A former secretary at a Nazi concentration camp has been charged by German prosecutors of complicity in several thousand deaths, opening the path towards a future trial.
It is believed to be the first time for several years that a woman has been charged in relation to wartime Nazi atrocities, while several men have been pursued by the authorities.
"The charge sheet incriminates the accused, who was an adolescent at the time, with complicity to murder in several thousand cases," said the statement from prosecutors in Itzehoe, northwestern Germany.
"In other cases, she is charged with complicity in attempted murder."
The justice ministry accuses the woman -- who would now be more than 90 years old -- of crimes committed between June 1943 and April 1945 at the former Nazi death camp at Stutthof, about 40 kilometres from Gdansk.
She is said to have "given assistance to those responsible for the systematic massacre of Jewish prisoners, Polish partisans and Russian Soviet prisoners of war in her post of stenographer and secretary to the camp commander", according to the authorities.
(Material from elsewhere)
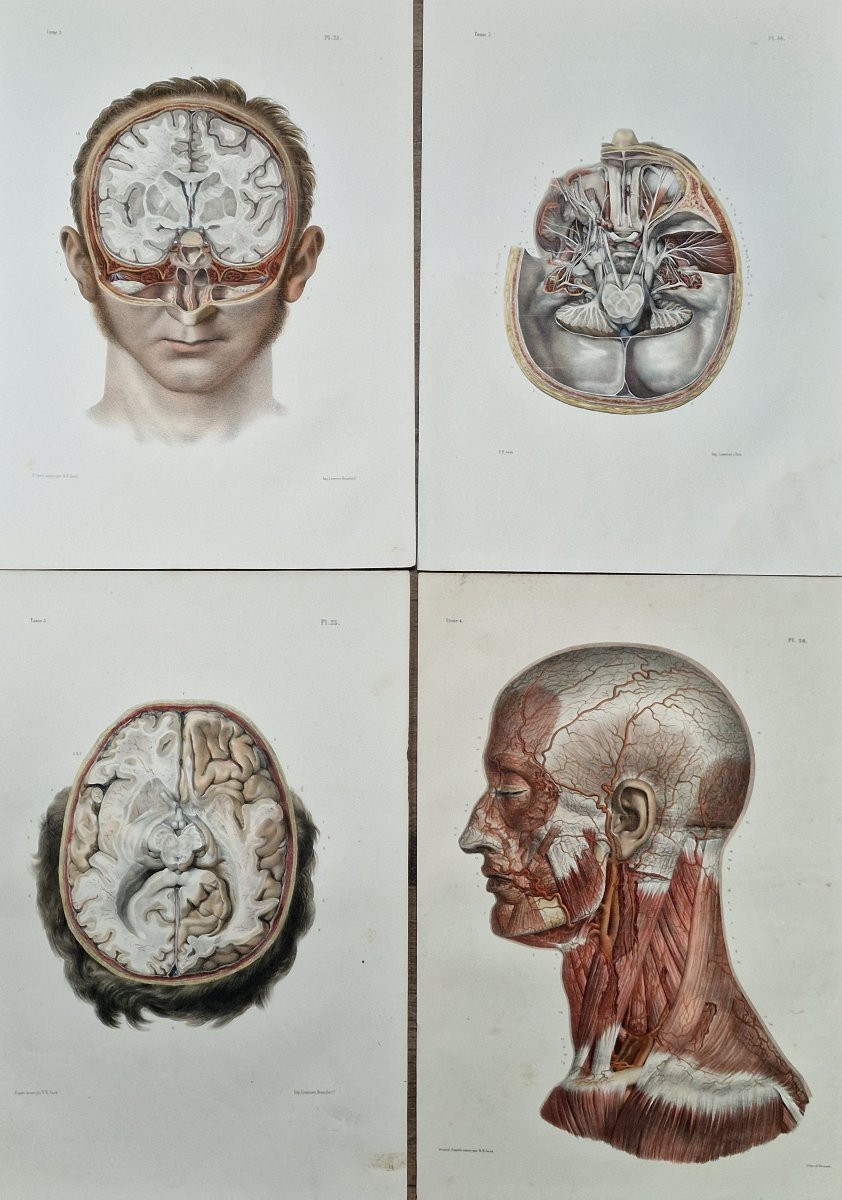 Lot Of Anatomical Engravings From The Medical Treatise By Bourgery And Jacob, Circa 1840, Lot 3-photo-2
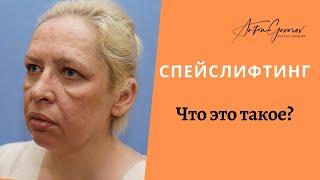 Что такое спейслифтинг?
Because some prisoners survived their ordeal in the camp, some acts should be legally considered attempted murder, prosecutors say.
Because of the woman's young age at the time, she would eventually be tried before a special juvenile court. However, it is not certain that the case will go ahead: the justice system must first decide whether, because of her advanced age, she is fit to face trial.
Neither the name nor the age of the accused has been officially divulged.
In 2019, the regional broadcaster NDR claimed there were 29 active cases in Germany concerning Nazi war crimes. Among them was a 94-year-old woman identified as Irmgard F, a former personal secretary to the commander of the Stutthof camp and who today lives in a retirement home north of Hamburg.
In recent years, Germany has tried and convicted several former SS members and has widened its investigations to include camp guards accused of complicity to murder -- moves designed to illustrate severity on the part of the justice system but which have been criticised as belated by wartime victims.
In July 2020, a court in Hamburg handed down a two-year suspended prison sentence to Bruno Dey, a 93-year-old concentration camp guard, for complicity in thousands of murders at Stutthof.